I blushed. Perhaps Chetwode-Talbot has metamorphosed in pronunciation in the way Cholmondely has become Chumly, or Delwes Dales-one of those trick pronunciations invented by the English to confuse one other.

Then she suggested it might help if I understood some of the background.

I nodded; I needed to know who or what I was dealing with. Harriet-I don’t think it is appropriate for us to be on Christian-name terms, but it is quicker to write just her first name in this diary-began to explain. I crossed my legs and clasped my hands over my knees and generally tried to assume the expression my tutor at university used to adopt when I had put in a particularly bad piece of work which he was about to tear to shreds.

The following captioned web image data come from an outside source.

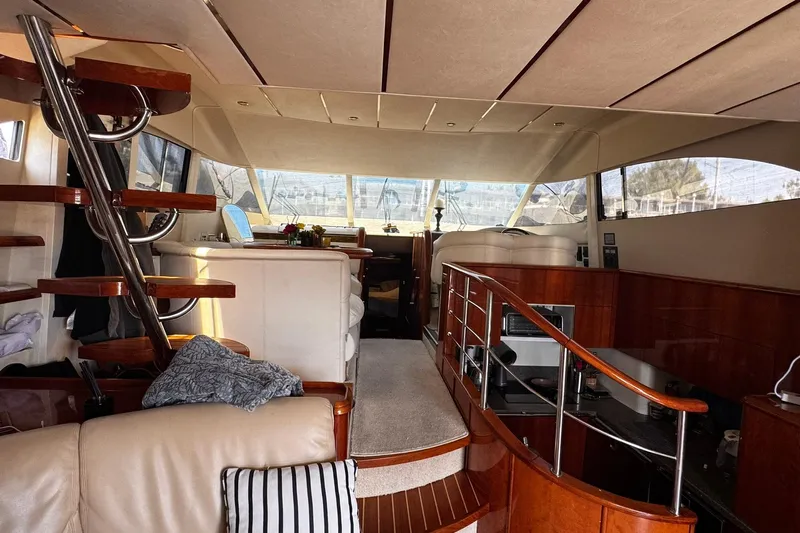 My Way Yacht Photos Pics Luxurious interior of a 2001 Fairline 55 yacht with elegant wood finishes and modern design.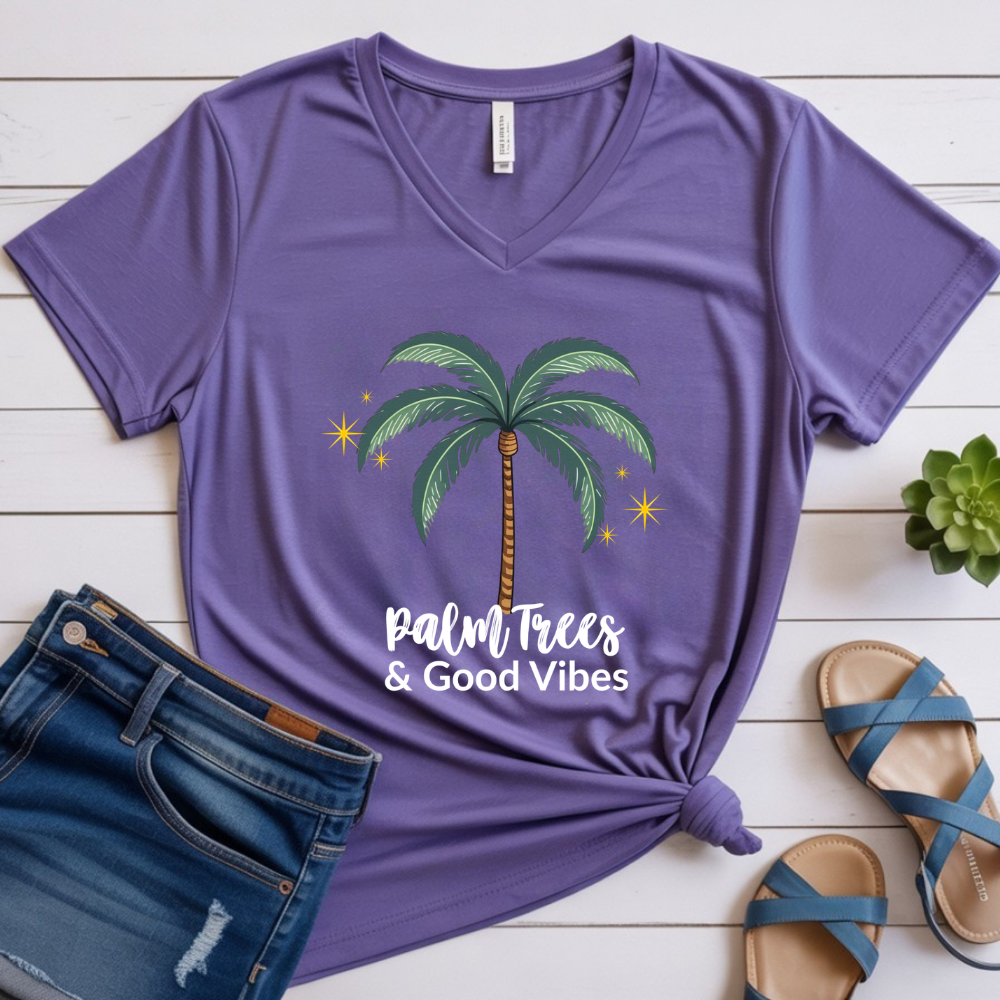 Purple t-shirt with palm tree design and 'Palm Trees & Good Vibes' text on a wooden surface with jeans and sandals.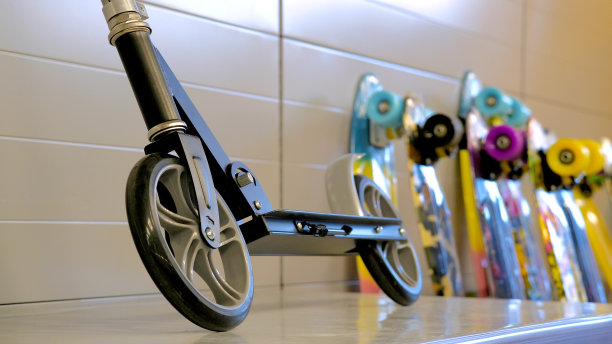 商店柜台上放着一个大轮子的滑板车。滑板在背景中是模糊的。图片下载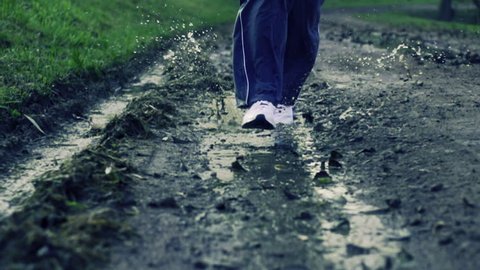 Jogger legs running through puddle, super slow motion, shot at 480fps
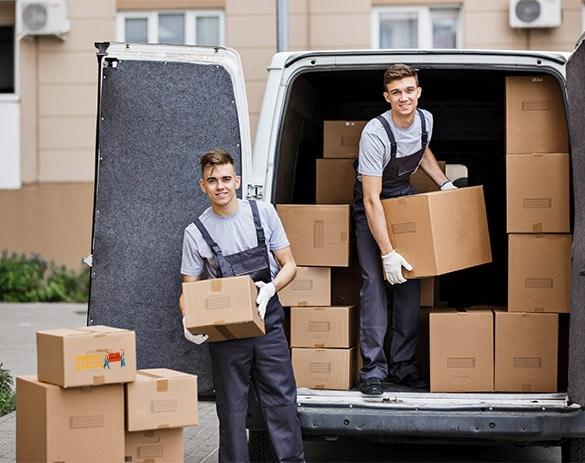 two-young-handsome-smiling-movers-wearing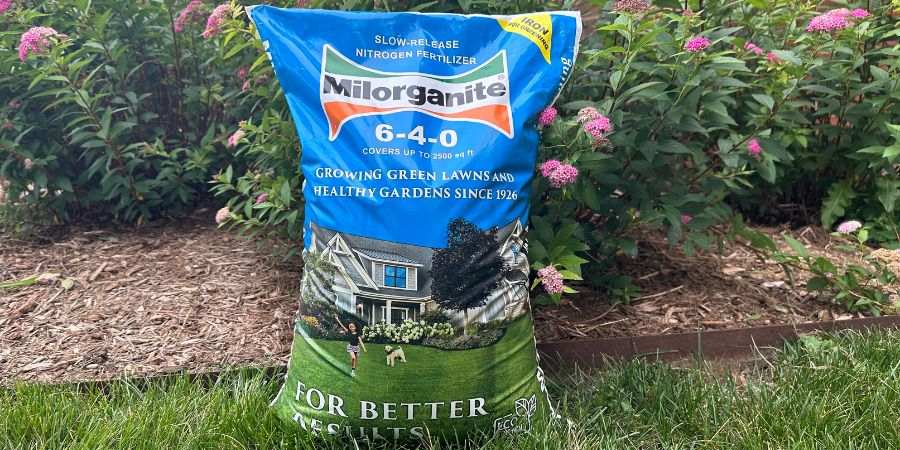 A bag of Milorganite fertilizer in the lawn with pink flowers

Harriet gave me a faint smile and explained that I had probably gathered by now that Fitzharris & Price were chartered surveyors and property consultants, not fisheries scientists.

I told her I appreciated the point.

She bowed her head in acknowledgement and explained that for many years the business of her office had been acquiring agricultural or sporting estates in the UK on behalf of overseas clients-in particular, Middle Eastern buyers. Fitzharris had discovered quite quickly that its clients didn’t just want it to buy the estates but also manage them in their absence.

That had led Fitzharris into providing technical expertise on a whole range of subjects, such as land agents’ services and help with recruiting estate employees through to advice on farming practice, sporting lets, obtaining planning permission for building new country houses, and so on.